***** INPUT MATERIAL *****
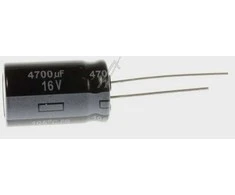 Panasonic BMW E36 E46 E39 E60 E90 Radial Pan Kapacitorius 105░ Žemasis ESR 16X25MM ELCO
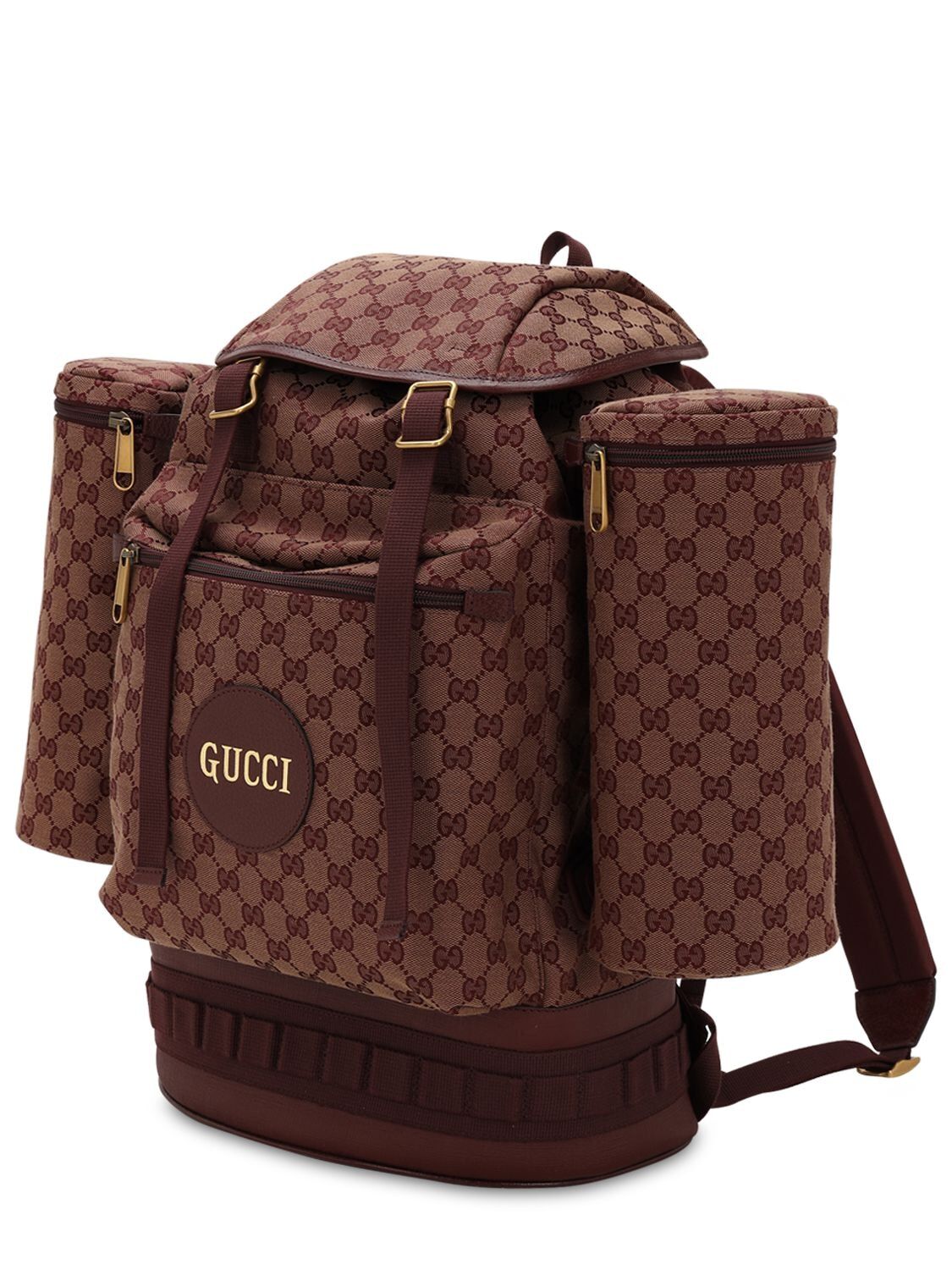 GUCCI グッチ GGキャンバス リュック バックパック ボルドー 562911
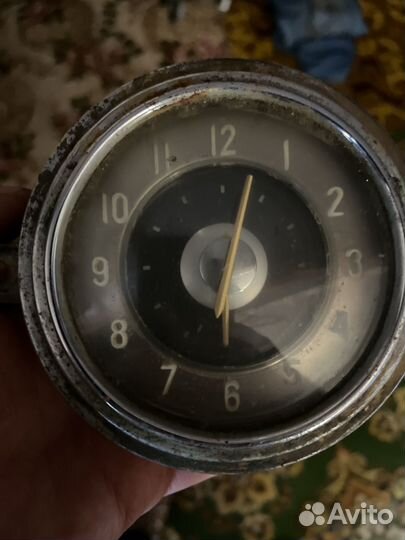 Часы газ 21 волга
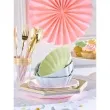 talerzyki vert decor twist rozowy jasny amscan 22 9 cm 6 szt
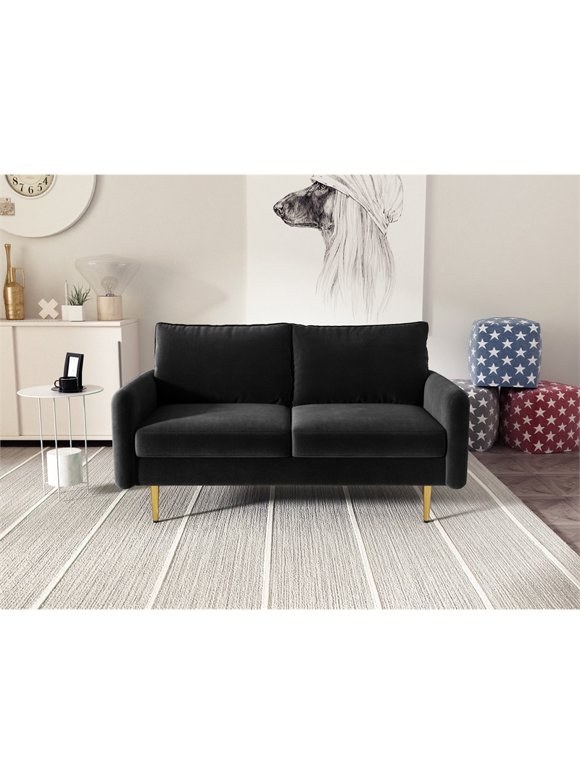 Velvet Loveseats in Loveseats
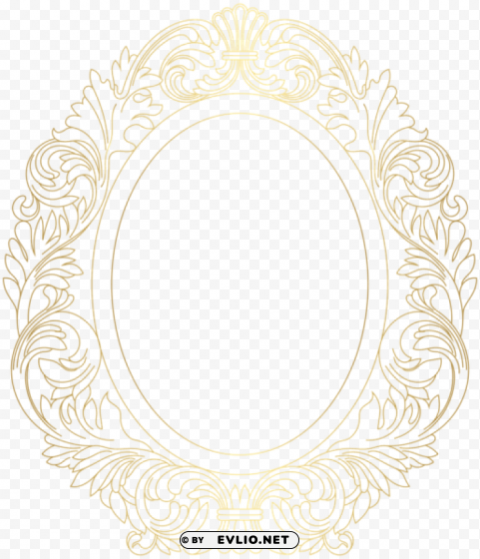 border decorative frame transparent PNG for educational projects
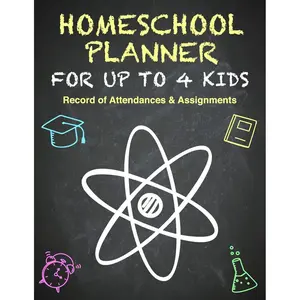 Homeschool Planner | Multiple Kids | Hour Log of Assignments & Record of Daily Attendance: Homeschooling Logbook and Tracker for Up To 4 Children. ... Letter Size: 8.5 x 11 inch; 21.59 x 27.94 cm Paperback – Notebook, August 25, 2018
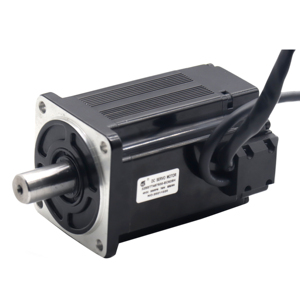 Moteur DC 80mm 750W 48V pour tri logistique avec frein EBS80F-750C-30DH5Z-BEEL-ST-00 Moteurs DC basse tension haute performance - Product Image 5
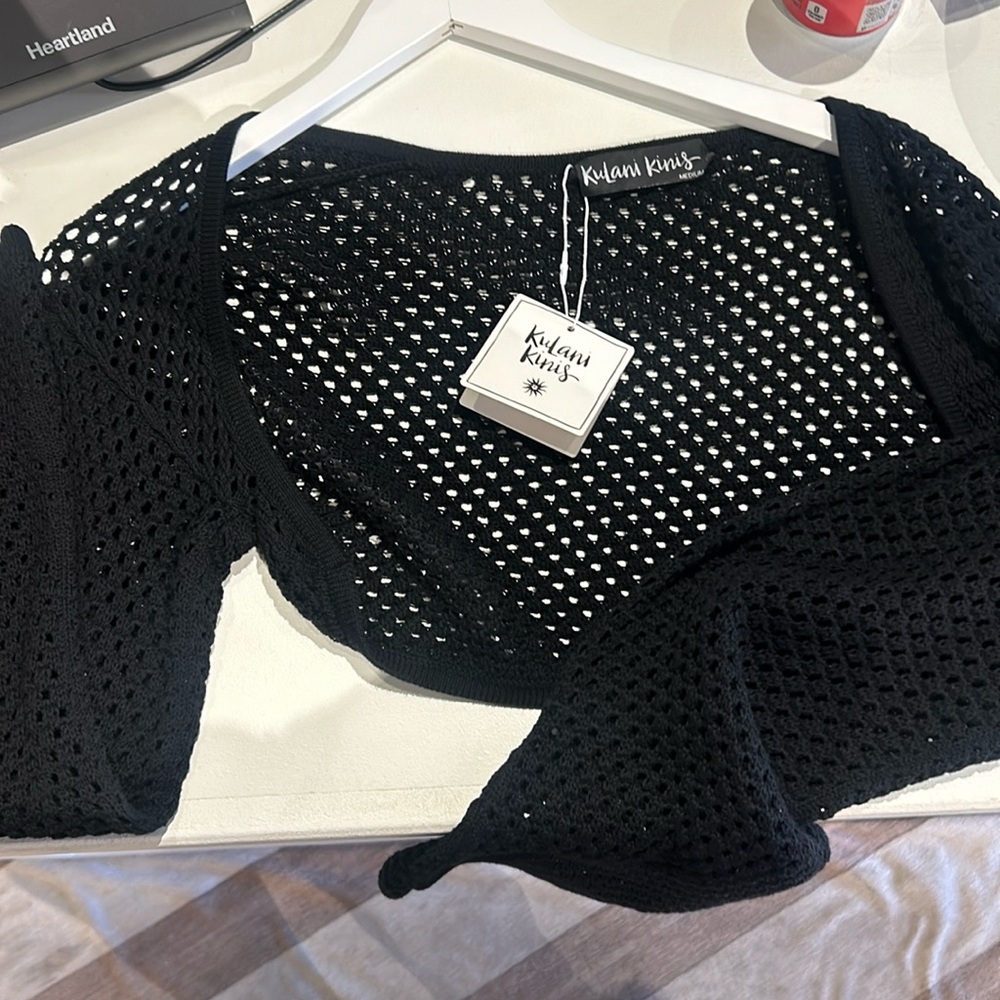 Crochet bolero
*****
The listing above should be repeated word for word, with every image left out.

:: ANSWER AREA ::
 Panasonic BMW E36 E46 E39 E60 E90 Radial Pan Kapacitorius 105░ Žemasis ESR 16X25MM ELCO
 GUCCI グッチ GGキャンバス リュック バックパック ボルドー 562911
 Часы газ 21 волга
 talerzyki vert decor twist rozowy jasny amscan 22 9 cm 6 szt
 Velvet Loveseats in Loveseats
 border decorative frame transparent PNG for educational projects
 Homeschool Planner | Multiple Kids | Hour Log of Assignments & Record of Daily Attendance: Homeschooling Logbook and Tracker for Up To 4 Children. ... Letter Size: 8.5 x 11 inch; 21.59 x 27.94 cm Paperback – Notebook, August 25, 2018
 Moteur DC 80mm 750W 48V pour tri logistique avec frein EBS80F-750C-30DH5Z-BEEL-ST-00 Moteurs DC basse tension haute performance - Product Image 5
 Crochet bolero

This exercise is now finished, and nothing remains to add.